Court of Appeals
An appellate court or court of appeals is a court that hears cases in which a lower court -- either a trial court or a lower-level appellate court — has already made a decision, but in which at least one party to the action wants to challenge this ruling based upon some legal grounds that are allowed to be appealed either by right or by leave of the appellate court. These grounds typically include errors of law, fact, or due process.
In different jurisdictions, appellate courts are also called appeals courts, courts of appeals, superior courts, or supreme courts.
Who can appeal
A party who files an appeal is called an appellant, and a party on the other side is an appellee or respondent or, in some jurisdictions, the party who files is known as a petitioner and the party being sued is designated the respondent. Cross-appeals can also occur, when more than one party to a case is unhappy with the decision in some way, often when the winning party claims that more damages were deserved than were awarded.
In criminal matters, an appeal can be filed generally only by a convicted defendant due to the double jeopardy principle, but in tort, equity, or other civil matters either party to a previous case may file an appeal.
An appeal as of right is one that is guaranteed by statute or some underlying constitutional or legal principle. The appellate court cannot refuse to listen to the appeal. An appeal by leave or permission requires the appellant to move for leave to appeal; in such a situation either or both of the lower court and the appellate court have the discretion to grant or refuse the appellant's demand to appeal the lower court's decision.
How an appeal is processed
Generally speaking the appellate court examines the record of evidence presented in the trial court and the law that the lower court applied and decides whether that decision was legally sound or not. The appellate court will typically be deferential to the lower court's findings of fact (such as whether a defendant committed a particular act), unless clearly erroneous, and so will focus on the court's application of the law to those facts (such as whether the act found by the court to have occurred fits a legal definition at issue).
If the appellate court finds no defect, it "affirms" the judgment. If the appellate court does find a legal defect in the decision "below" (i.e., in the lower court), it may "modify" the ruling to correct the defect, or it may nullify ("reverse" or "vacate") the whole decision or any part of it. It may in addition send the case back ("remand" or "remit") to the lower court for further proceedings to remedy the defect.
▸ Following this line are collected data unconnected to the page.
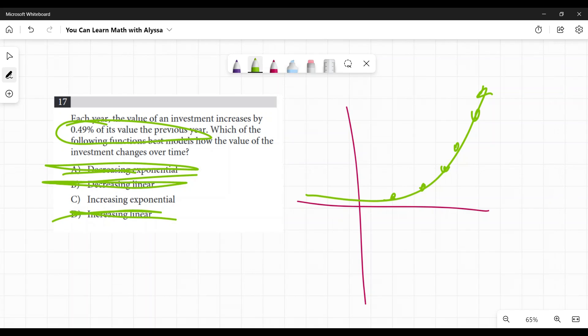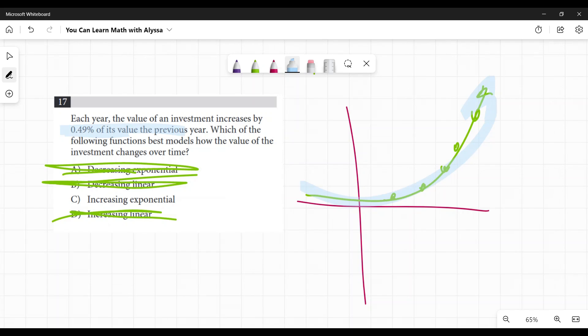There's not really a lot of math here. It basically is just knowing what an exponential function is, and that if you're seeing increasing by a percent, it's exponential.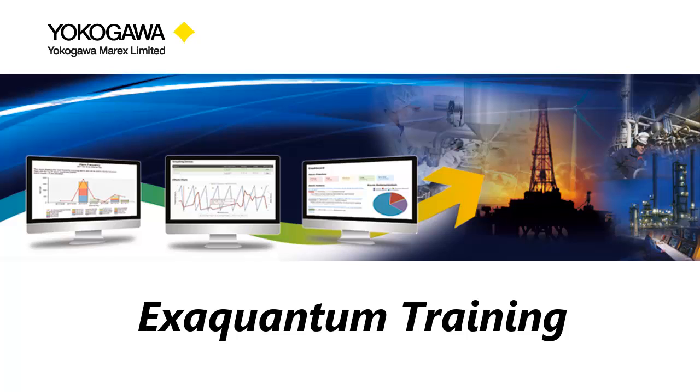Hi, I'm Steve from Yokogawa Support. Welcome to another ExaQuantum training video.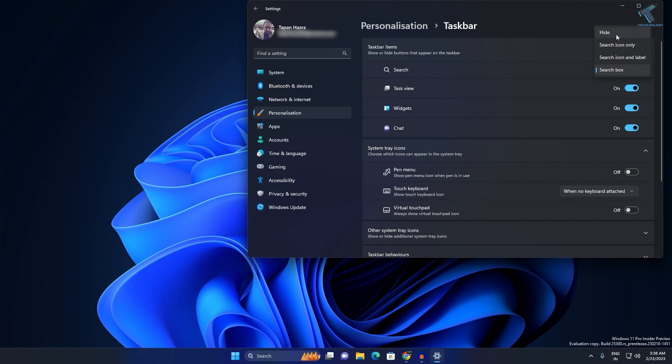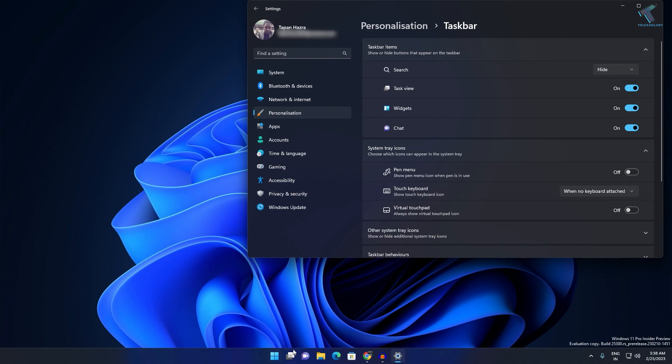If you want to disable or hide search on your Windows 11 PC, then just click on the Hide button and it will not show over here. I hope this quick tutorial will really help you.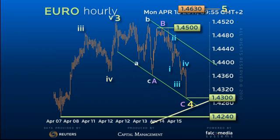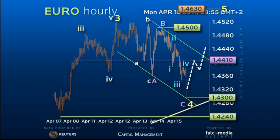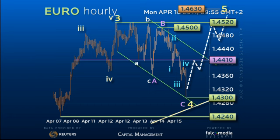We look for the rally to resume from here to and through the 144.10 pivot, targeting 145.20 initially, and then on to the 146.30 target. From there, we look for a sizeable reaction.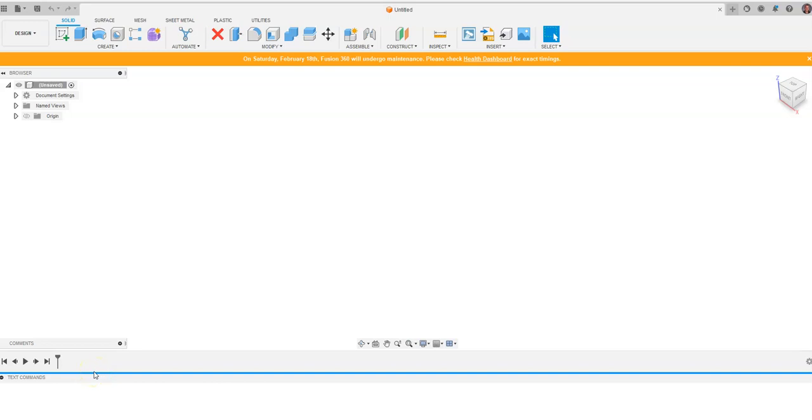This is a video for how to go about creating a structural analysis of a cantilever beam from a given material in Fusion 360.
In some cases an appellate court may review a lower court decision de novo (or completely), challenging even the lower court's findings of fact. This might be the proper standard of review, for example, if the lower court resolved the case by granting a pre-trial motion to dismiss or motion for summary judgment which is usually based only upon written submissions to the trial court and not on any trial testimony.
Another situation is where appeal is by way of re-hearing. Certain jurisdictions permit certain appeals to cause the trial to be heard afresh in the appellate court. An example would be an appeal from a Magistrate's court to the Crown Court in England and Wales.
Sometimes the appellate court finds a defect in the procedure the parties used in filing the appeal and dismisses the appeal without considering its merits, which has the same effect as affirming the judgment below. (This would happen, for example, if the appellant waited too long, under the appellate court's rules, to file the appeal.) In England and many other jurisdictions, however, the phrase appeal dismissed is equivalent to the U.S. term affirmed; and the phrase appeal allowed is equivalent to the U.S. term reversed.
Generally there is no trial in an appellate court, only consideration of the record of the evidence presented to the trial court and all the pre-trial and trial court proceedings are reviewed — unless the appeal is by way of re-hearing, new evidence will usually only be considered on appeal in very rare instances, for example if that material evidence was unavailable to a party for some very significant reason such as prosecutorial misconduct.
In some systems an appellate court will only consider the written decision of the lower court, together with any written evidence that was before that court and is relevant to the appeal. In other systems, the appellate court will normally consider the record of the lower court. In those cases the record will first be certified by the lower court.
The appellant has the opportunity to present arguments for the granting of the appeal and the appellee (or respondent) can present arguments against it. Arguments of the parties to the appeal are presented through their appellate lawyers, if represented, or pro se if the party has not engaged legal representation. Those arguments are presented in written briefs and sometimes in oral argument to the court at a hearing. At such hearings each party is allowed a brief presentation at which the appellate judges ask questions based on their review of the record below and the submitted briefs.
It is important to note that in an adversarial system appellate courts do not have the power to review lower court decisions unless a party appeals it. Therefore if a lower court has ruled in an improper manner or against legal precedent that judgment will stand even if it might have been overturned on appeal.